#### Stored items
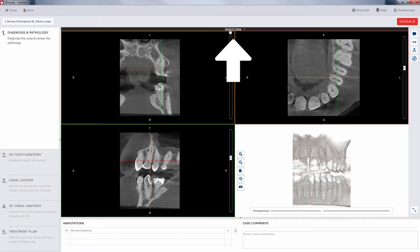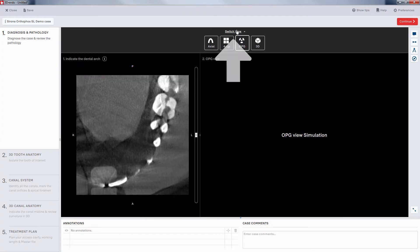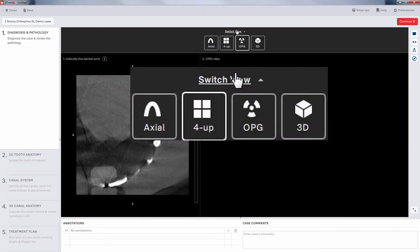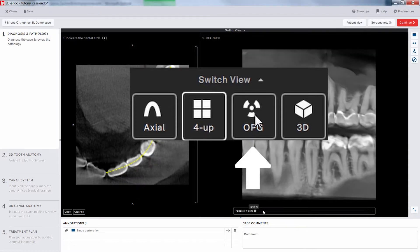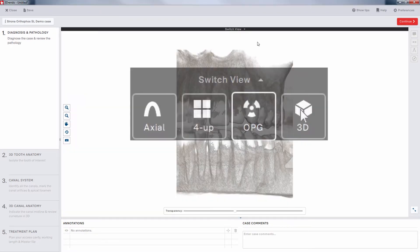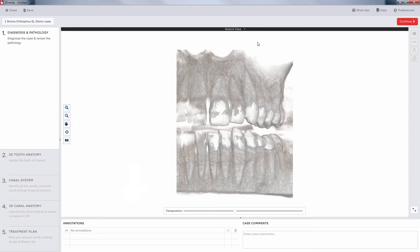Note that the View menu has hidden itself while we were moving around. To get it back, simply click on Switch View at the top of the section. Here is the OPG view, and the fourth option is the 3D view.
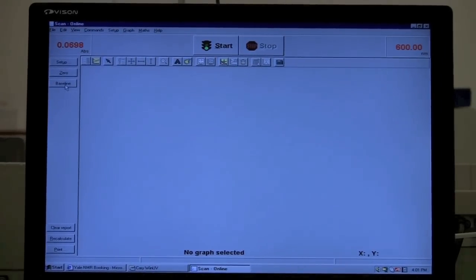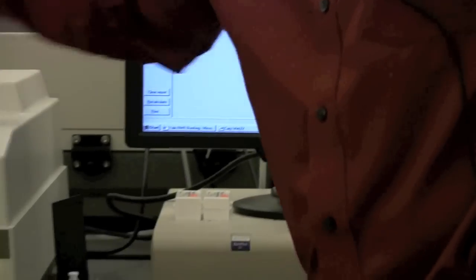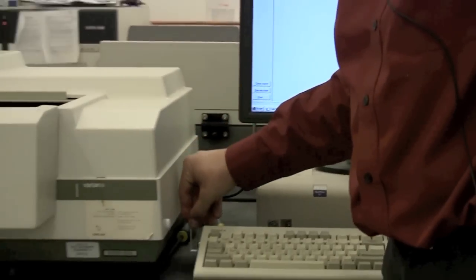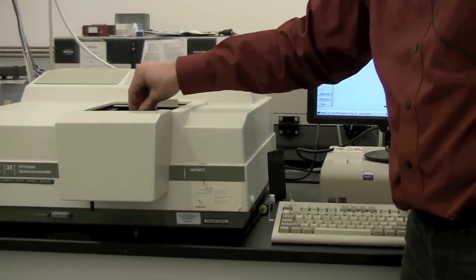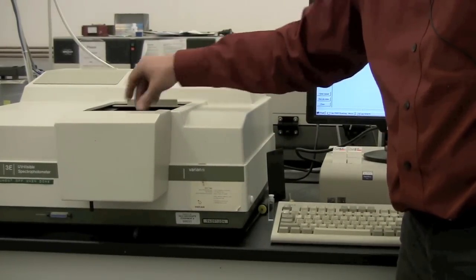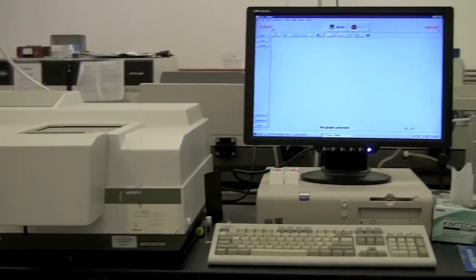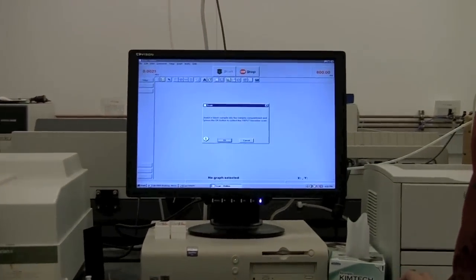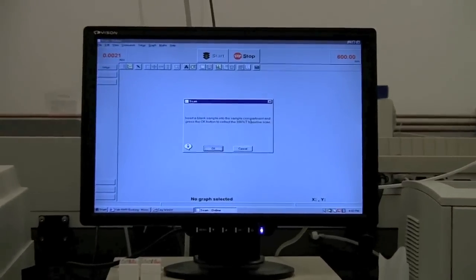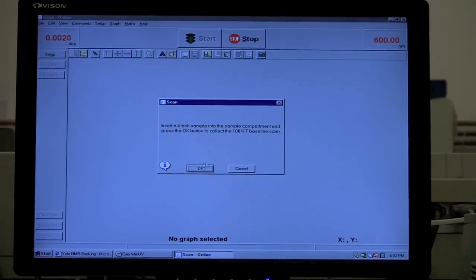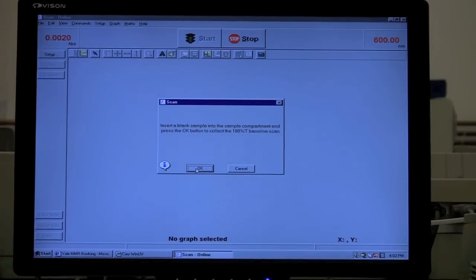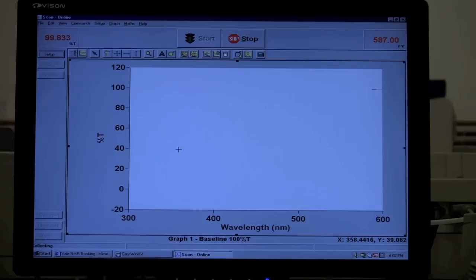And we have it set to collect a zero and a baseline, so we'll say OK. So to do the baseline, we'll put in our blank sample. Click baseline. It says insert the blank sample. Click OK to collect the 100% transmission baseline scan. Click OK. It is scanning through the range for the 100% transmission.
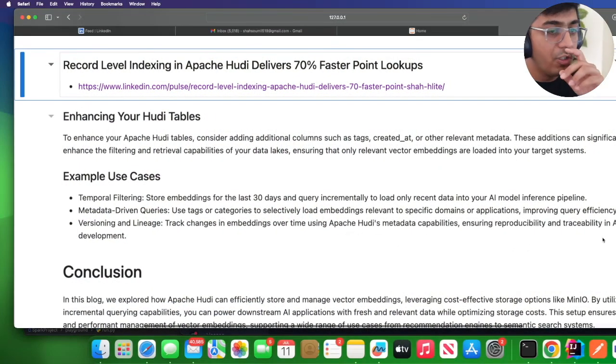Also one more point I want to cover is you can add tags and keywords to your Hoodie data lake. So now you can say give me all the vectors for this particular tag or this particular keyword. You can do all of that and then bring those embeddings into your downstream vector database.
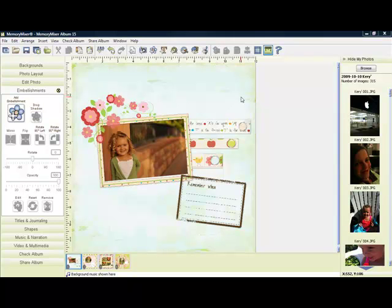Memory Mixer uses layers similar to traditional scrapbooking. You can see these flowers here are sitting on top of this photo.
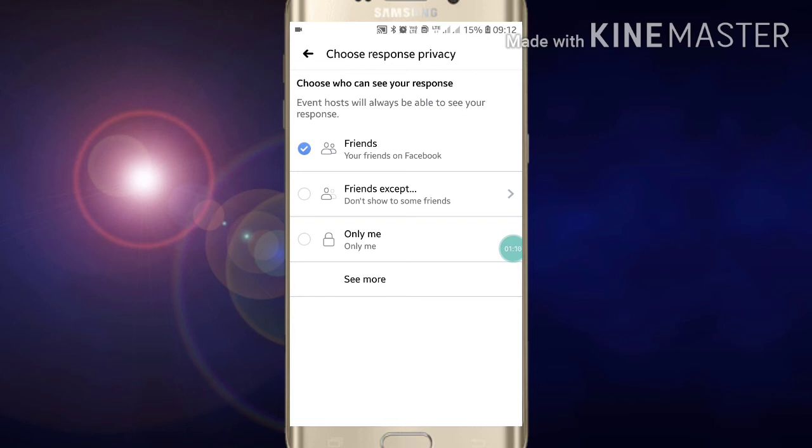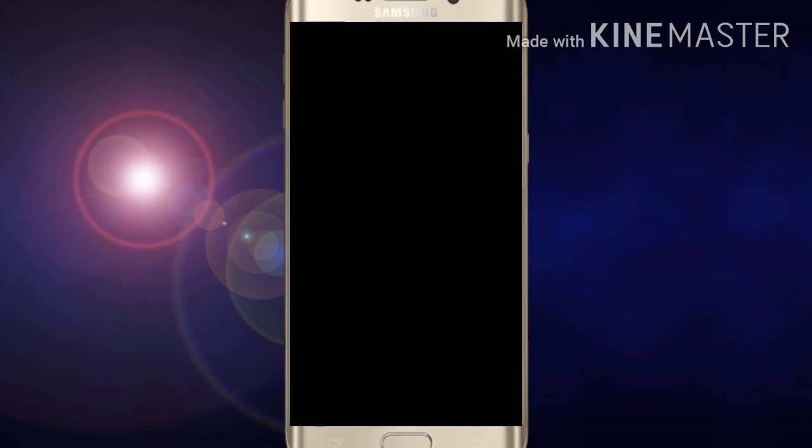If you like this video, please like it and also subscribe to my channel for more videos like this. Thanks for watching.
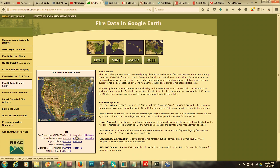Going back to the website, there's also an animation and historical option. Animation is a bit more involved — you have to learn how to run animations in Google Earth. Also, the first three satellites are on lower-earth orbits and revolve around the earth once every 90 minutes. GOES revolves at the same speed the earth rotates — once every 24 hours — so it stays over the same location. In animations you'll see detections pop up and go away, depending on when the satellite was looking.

#### Activity
Excluding the pictures, write out exactly the lines from the line that contains "And we have" through the end of the records.

#### Task output
And we have it set to collect a zero and a baseline, so we'll say OK. So to do the baseline, we'll put in our blank sample. Click baseline. It says insert the blank sample. Click OK to collect the 100% transmission baseline scan. Click OK. It is scanning through the range for the 100% transmission.
Also one more point I want to cover is you can add tags and keywords to your Hoodie data lake. So now you can say give me all the vectors for this particular tag or this particular keyword. You can do all of that and then bring those embeddings into your downstream vector database.
Memory Mixer uses layers similar to traditional scrapbooking. You can see these flowers here are sitting on top of this photo.
If you like this video, please like it and also subscribe to my channel for more videos like this. Thanks for watching.
Going back to the website, there's also an animation and historical option. Animation is a bit more involved — you have to learn how to run animations in Google Earth. Also, the first three satellites are on lower-earth orbits and revolve around the earth once every 90 minutes. GOES revolves at the same speed the earth rotates — once every 24 hours — so it stays over the same location. In animations you'll see detections pop up and go away, depending on when the satellite was looking.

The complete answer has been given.